INPUT DATA:
_ _ _ _ _ _ _
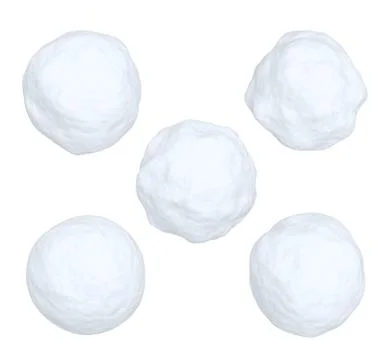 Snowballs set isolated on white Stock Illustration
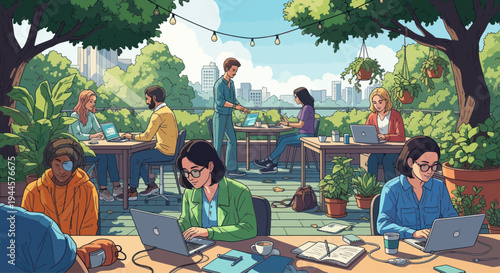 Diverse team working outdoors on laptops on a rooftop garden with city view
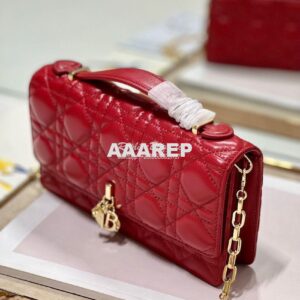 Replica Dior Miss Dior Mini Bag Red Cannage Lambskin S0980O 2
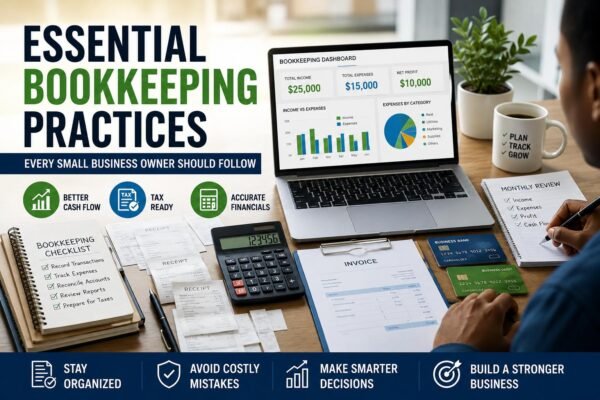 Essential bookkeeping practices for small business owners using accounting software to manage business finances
_ _ _ _ _ _ _
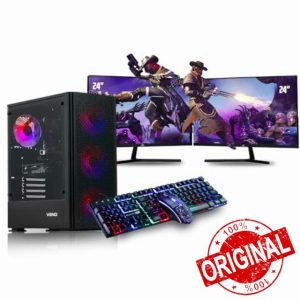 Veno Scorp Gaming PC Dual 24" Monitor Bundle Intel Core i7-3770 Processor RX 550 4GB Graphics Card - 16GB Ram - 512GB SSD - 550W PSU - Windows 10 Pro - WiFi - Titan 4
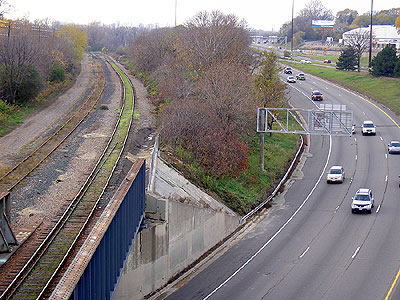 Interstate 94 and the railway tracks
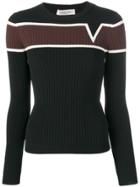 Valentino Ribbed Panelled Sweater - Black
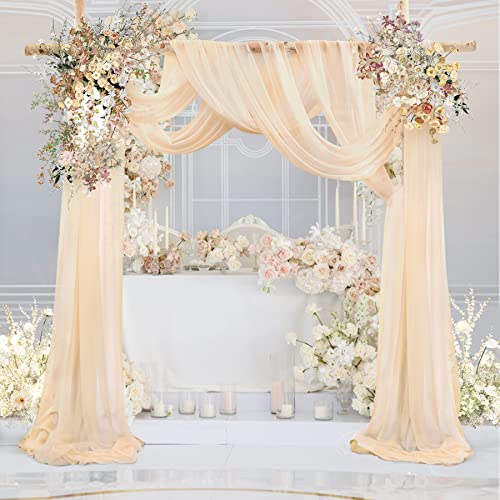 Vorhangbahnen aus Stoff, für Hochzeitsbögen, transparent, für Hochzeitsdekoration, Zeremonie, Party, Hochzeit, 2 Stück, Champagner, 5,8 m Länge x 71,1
_ _ _ _ _ _ _
WHAT IS NEEDED:
Within the listing above, print exactly the stretch beginning at the line that contains "Snowballs set isolated" and finishing at the line that contains "Essential bookkeeping practices", ends kept, pictures left out, and nothing more.

RESULT OF THE TASK:
 Snowballs set isolated on white Stock Illustration
 Diverse team working outdoors on laptops on a rooftop garden with city view
 Replica Dior Miss Dior Mini Bag Red Cannage Lambskin S0980O 2
 Essential bookkeeping practices for small business owners using accounting software to manage business finances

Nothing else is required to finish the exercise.